→ Activity:
Repeat the data that follows verbatim. Images are not part of the copy.
───── Stored data ─────
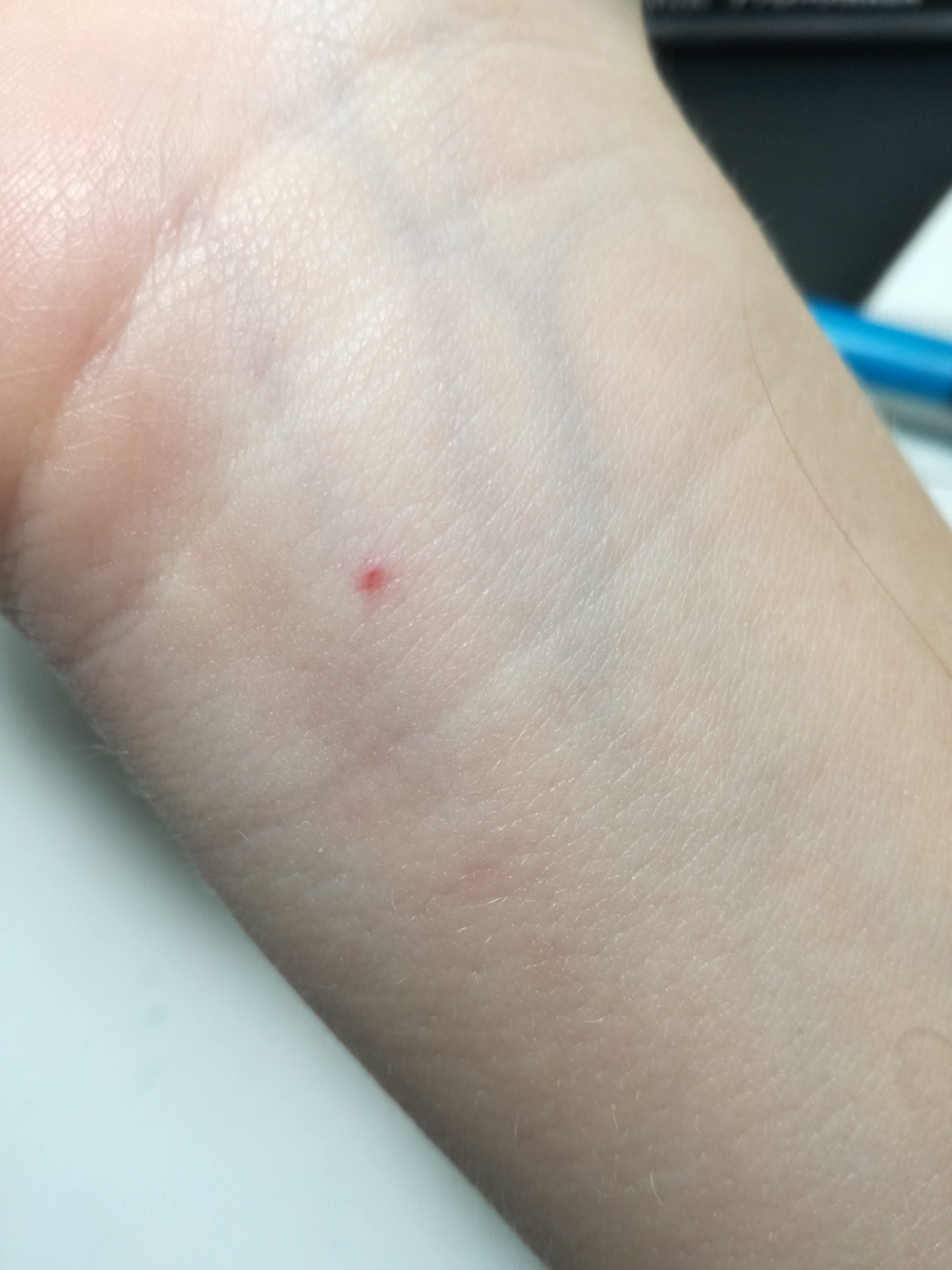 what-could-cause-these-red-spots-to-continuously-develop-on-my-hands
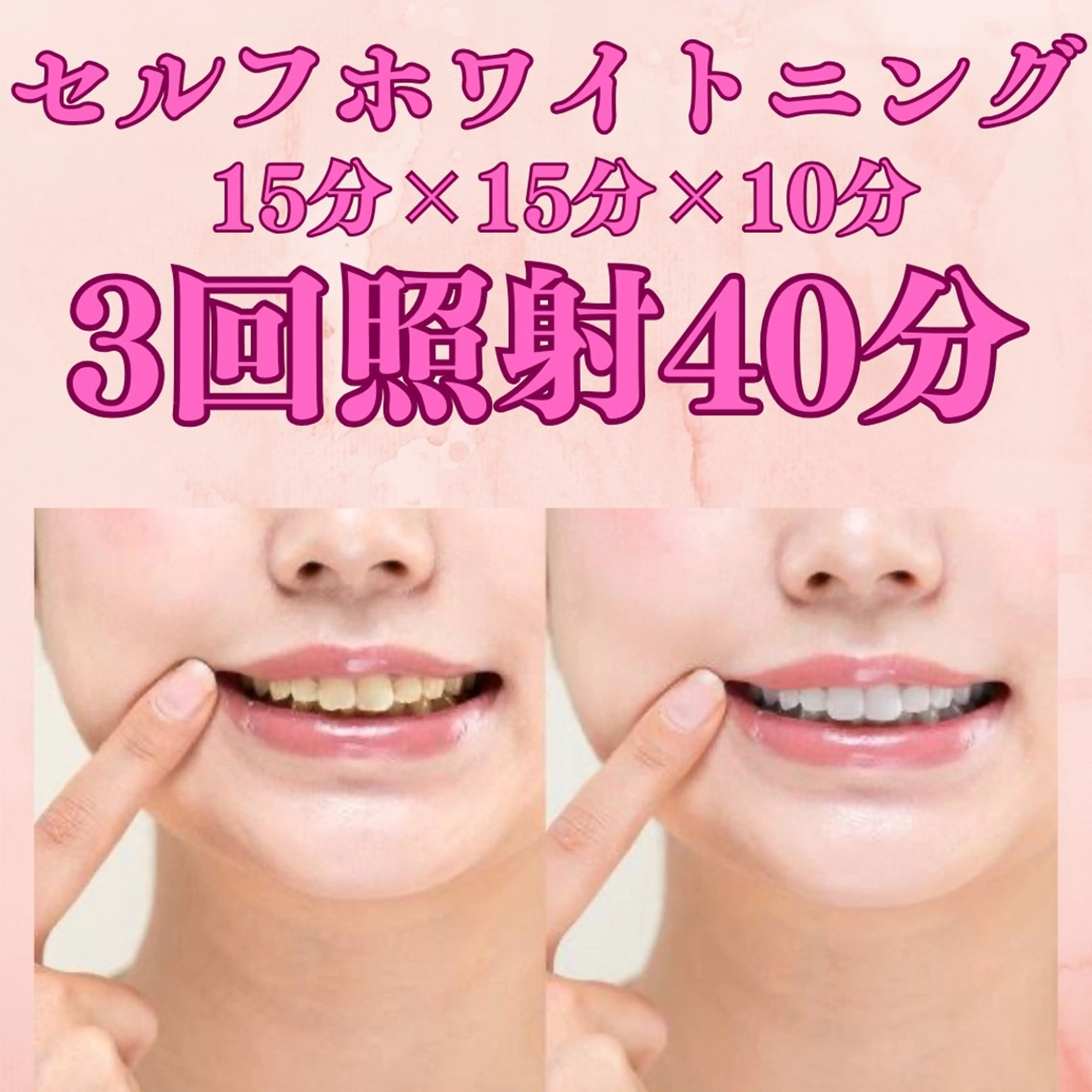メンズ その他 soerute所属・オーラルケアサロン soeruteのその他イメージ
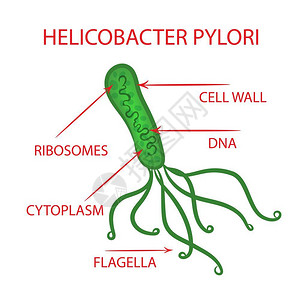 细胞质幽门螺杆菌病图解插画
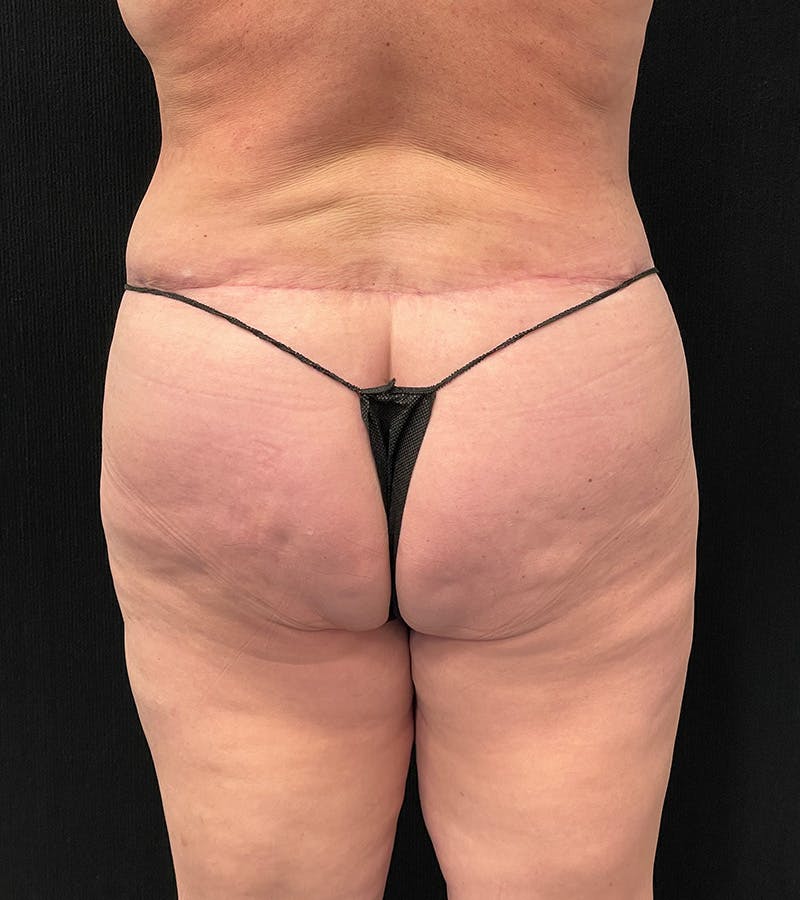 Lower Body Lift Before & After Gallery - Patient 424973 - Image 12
─────
→ Output below:
 what-could-cause-these-red-spots-to-continuously-develop-on-my-hands
メンズ その他 soerute所属・オーラルケアサロン soeruteのその他イメージ
 细胞质幽门螺杆菌病图解插画
 Lower Body Lift Before & After Gallery - Patient 424973 - Image 12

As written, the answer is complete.